Najnowsze wiadomości z ostatniej chwili Fred Astaire był wdowcem przez 27 lat, zanim ponownie poślubił kobietę, która była 45-letnia młodsza na Fabiosie
Drugie małżeństwo Freda Astaire'a z kobietą młodszą od niego o 45 lat zadziwiło wielu ludzi w Hollywood, w tym jego własną rodzinę.
Zobacz ten post na InstagramiePost udostępniony przez Melany (@oldhollywoodparade) w dniu 7 stycznia 2019 r. o godzinie 11:41 czasu PST
Pierwsze małżeństwo Freda Astaire'a z Phyllis Potter
Pierwszym małżeństwem aktora była nowojorska socjalistka Phyllis Potter. Zmarła w wieku 46 lat na raka płuc. Jej śmierć położyła kres szczęśliwemu małżeństwu trwającemu ponad dwie dekady. Był tak zdruzgotany jej śmiercią, że próbował przerwać proces kręcenia Daddy Long Legs . Aktor został ostatecznie przekonany, by został.
Czy jego drugi związek był szczęśliwy?
Dziesięciolecia po śmierci swojej pierwszej żony Fred postanowił dać małżeństwu kolejną szansę. Poznał Robyn Smith, młodą o 45 lat młodszą gwiazdę wyścigów. Później pobrali się po cichu w jego domu.
Małżeństwo, które zaszokowało Hollywood, a nawet jego rodzinę, było szczęśliwe, ale nie trwało zbyt długo. W wywiadzie Robyn opowiedziała o swoim siedmioletnim małżeństwie i powiedziała:
Zanim się pobraliśmy, Fred zrobił wszystko w swoim życiu - więcej niż raz. Był w nastroju na relaks i wyluzowanie. To mi odpowiadało. Był tak ekscytującym człowiekiem, że nie musieliśmy wiele robić. Po prostu zawsze dobrze się bawiliśmy - wiem to.

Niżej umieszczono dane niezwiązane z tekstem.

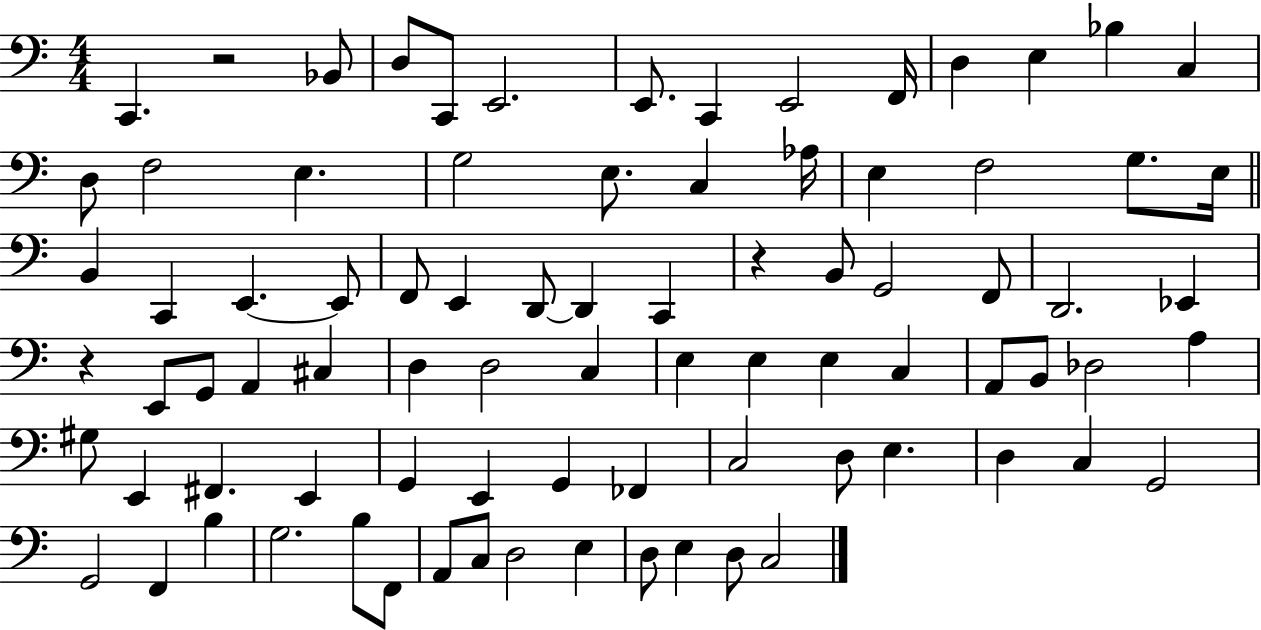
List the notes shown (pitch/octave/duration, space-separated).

C2/q. R/h Bb2/e D3/e C2/e E2/h. E2/e. C2/q E2/h F2/s D3/q E3/q Bb3/q C3/q D3/e F3/h E3/q. G3/h E3/e. C3/q Ab3/s E3/q F3/h G3/e. E3/s B2/q C2/q E2/q. E2/e F2/e E2/q D2/e D2/q C2/q R/q B2/e G2/h F2/e D2/h. Eb2/q R/q E2/e G2/e A2/q C#3/q D3/q D3/h C3/q E3/q E3/q E3/q C3/q A2/e B2/e Db3/h A3/q G#3/e E2/q F#2/q. E2/q G2/q E2/q G2/q FES2/q C3/h D3/e E3/q. D3/q C3/q G2/h G2/h F2/q B3/q G3/h. B3/e F2/e A2/e C3/e D3/h E3/q D3/e E3/q D3/e C3/h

Po ślubie Robyn wycofała się z wyścigów, ponieważ Fred martwił się, że może się zranić. Para lubiła grać razem w golfa i oglądać najnowsze filmy o północy, aby nikt nie mógł go rozpoznać, gdy byli poza domem.
Robyn nawet zmusiła aktora do oglądania własnych filmów w domu, ponieważ nigdy nie lubił oglądać siebie na ekranach telewizyjnych. Ich bajkowy romans niestety się rozpadł, gdy Fred zachorował na zapalenie płuc i zmarł na rękach żony.
Przysięga, że nigdy nie wyjdzie za mąż
Robyn była naprawdę zdruzgotana śmiercią męża. Dziesiątki lat po jego śmierci były zawodnik konny mówi, że wciąż czuje jego nieobecność i desperacko za nim tęskni.
Wdowa po Fredie powiedziała również, że nigdy więcej nie wyjdzie za mąż i nie jest zainteresowana nawet randkami. Powiedziała: „Kochałam go i tak wiele mu zawdzięczam. Nie mogę myśleć o innym mężczyźnie ”.
Jest oczywiste, że nawet pomimo 45-letniej różnicy wieku Fred i Robyn bardzo się kochali i bardzo się kochali.